Problem with using time(2) as a time source
POE (along with a lot of software) expects time(2) to return a stable and monotonic view of time. That is, if time(2) is called a second later, it should return the previous time plus one. This is no where guaranteed. The system time could have been changed, either manually by an admin or automatically by ntpd or other. Or a hybrid situation: when a VM is suspended and then resumed.
Note that this doesn't normally happen often. But a daemon that runs 24/7 is going to see this eventually and it needs react intelligently.
In POE, a delay is set 5 seconds hence. Ntpd sets the system time back 2 seconds. The delay event will be delivered in 7 seconds.
Conversely, a delay is set 5 seconds hence. Ntpd sets the system time forward 2 seconds.
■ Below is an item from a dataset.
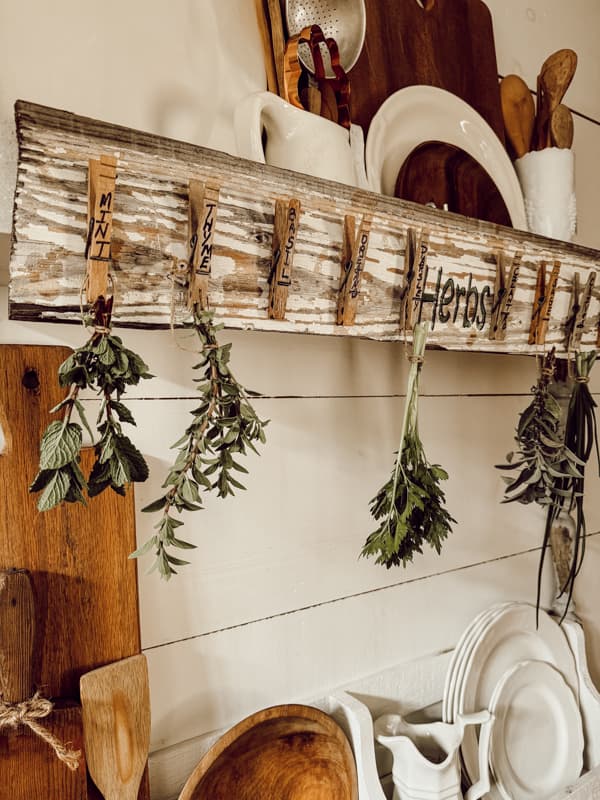 DIY Herb Drying Rack made with reclaimed shiplap and vintage clothespins.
The delay event will be delivered in either 5 or 3 seconds, depending on other kernel activity.
This is less of a problem for alarms; they are absolute. An alarm set for "5:30 am on Thursday" will happen be delivered at that time, unless time jumps forwards by a large amount.
At its heart, the POE kernel tracts a list of file handles and one timer. When no events are active, the kernel waits for activity on the file handles or for the timer to expire. The kernel also holds a queue of future events, ordered by time(2) of the due time. The timer is calculated by deducting time(2) from the due time of the next event in the queue. But time(2) might have changed unpredictably since the event was added to the queue.
This is why there are 2 possible results if the time moves forwards. If the kernel detects activity on a file handle, it will recalculate the timer. In the scenario above, the kernel sees activity after 2 seconds, calls the related events, then recalculated the timeout which is now 1 second and not 3 seconds.